Book2 9

Fantasy Role Playing Games (1981)

This week is a little bit of a “How to be like Vintage RPG” crash course, revealing some of the books that have filled my head with history of the games I rattle on about. Let’s start with the oldest of them, Fantasy Role Playing Games (1981), by J. Eric Holmes, the same Holmes who shepherded the original Basic Set Dungeons & Dragons into existence.

In the early 80s, a bunch of books came out  that were sort of introductions to the idea of RPGs, mixed with brief how-tos and overviews of the market. You saw one in yesterday’s revised reprint. This is another and it is probably my favorite of the ones I have read. The first third or so of the book is an overview of the key concepts of how to play, complete with transcripts of game sessions and a sort of read-along dungeon. Holmes shines, though, when he gets to the history of Dungeons & Dragons, in which he was a firsthand eye witness for a time the immediacy of his account is engrossing even if he is an unabashed Gygax cheerleader.

He follows this with a look at other games on the market (including big ones like RuneQuest and Traveller as well as odd ones like Bunnies & Burrows and Superhero 44), miniatures and the magazines (both the semi-pro stuff like Dragon and the zines like Alarums & Excursions). The brief chapter on computer games is a hoot and rightly spends a chunk of time on Zork.

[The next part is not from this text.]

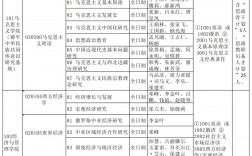 新疆哪个大学研究生最好考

I particularly like the penultimate chapter, which discusses the supposed perils of roleplaying, makes a spirited defense of the hobby and also muses on the sorts of people who are attracted to it. It is one of the earliest acknowledgments of the hobby’s gender disparity and Holmes has some thoughtful ideas on why that is. It is his hope, back in 1981, that parity will be attained when RPGs are more popular and socially accepted. Nearly 40 years later, I like to think it is moving in that direction.